Sur la demande de mainlevée des mesures conservatoires

Aux termes de l’article L.511-1 du code des procédures civiles d’exécution, toute personne dont la créance parait fondée en son principe peut solliciter du juge de l’exécution l’autorisation de pratiquer une mesure conservatoire sur les biens de son débiteur, sans commandement préalable, si elle justifie de circonstances susceptibles d’en menacer le recouvrement.

L’article R.512-1 du code des procédures civiles d’exécution précise qu’il incombe au créancier de prouver que les deux conditions cumulatives sont remplies.

Conformément à l’article L.512-1 du code des procédures civiles d’exécution, « le juge peut, à tout moment, au vu des éléments qui sont fournis par le débiteur, le créancier entendu ou appelé, donner mainlevée de la mesure conservatoire s’il apparaît que les conditions prescrites par l’article L.511-1 ne sont pas réunies ».

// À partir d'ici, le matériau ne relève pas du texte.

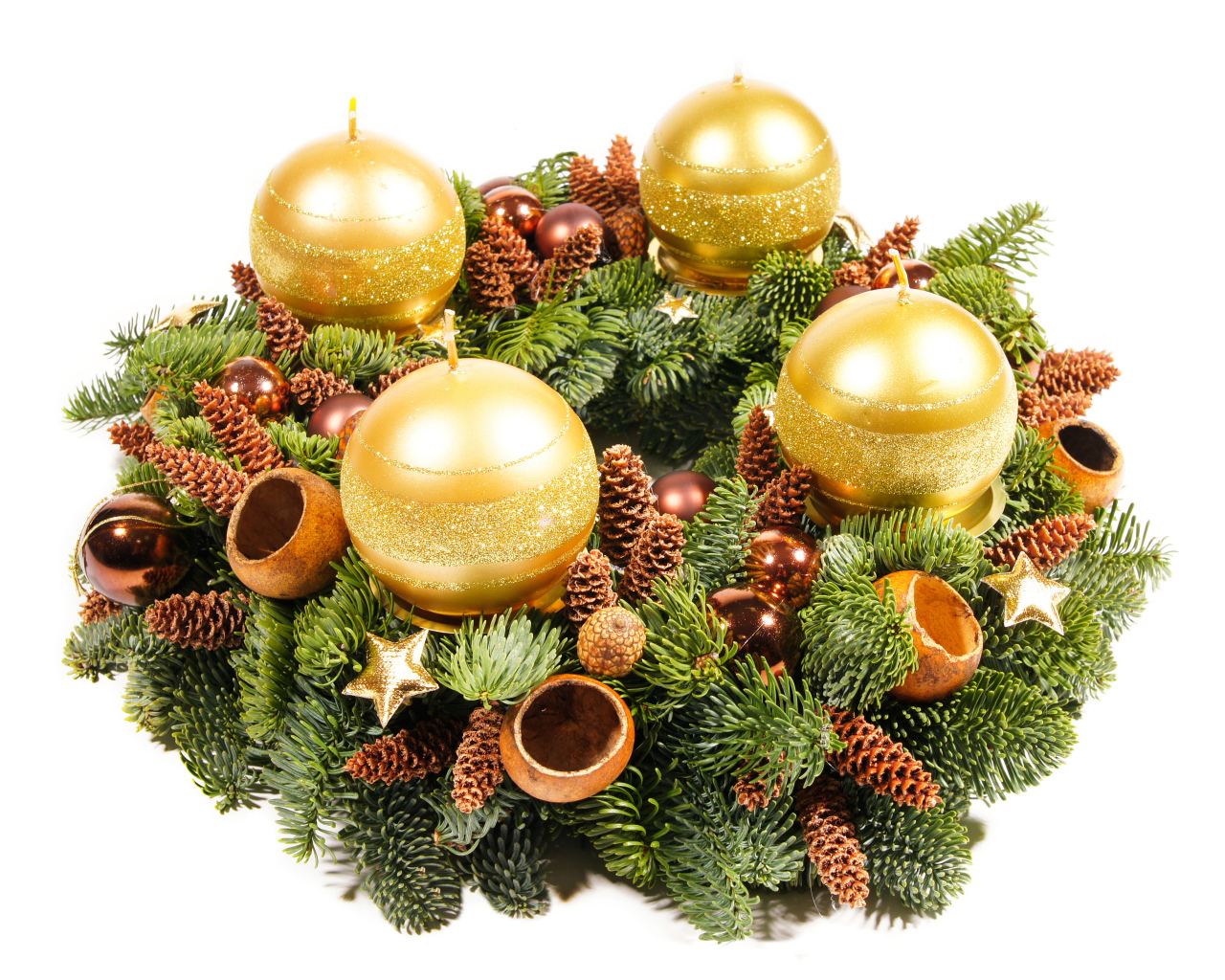Рождественский венок с золотыми свечами на белом фоне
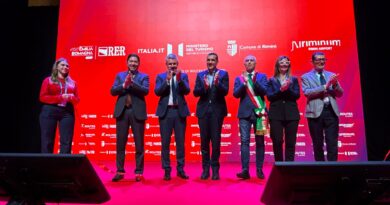 Turismo ad “alta quota” per la Repubblica: le compagnie aeree del continente si incontrano tra Rimini e il Titano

Le juge, auquel est déférée une mesure conservatoire, se place dans la même position que le juge qui a autorisé la mesure : il examine au jour où il statue d'une part l'apparence du principe de créance - et non la certitude, la liquidité, l'exigibilité ou le montant de la créance - et évalue d'autre part la menace qui pèse sur le recouvrement.

Sur la créance fondée en son principe

Madame [E] [R] conteste le bien-fondé de la créance revendiquée par Madame la comptable du Pôle de recouvrement spécialisé des Yvelines. Madame [E] [R], qui est de nationalité franco-américaine, fait valoir que l’allégation de Madame la comptable du Pôle de recouvrement spécialisé des Yvelines selon laquelle elle ne s’acquitterait pas de ses impôts aux Etats-Unis et qu’elle aurait sollicité le bénéfice de crédit d’impôts en France à tort serait erroné.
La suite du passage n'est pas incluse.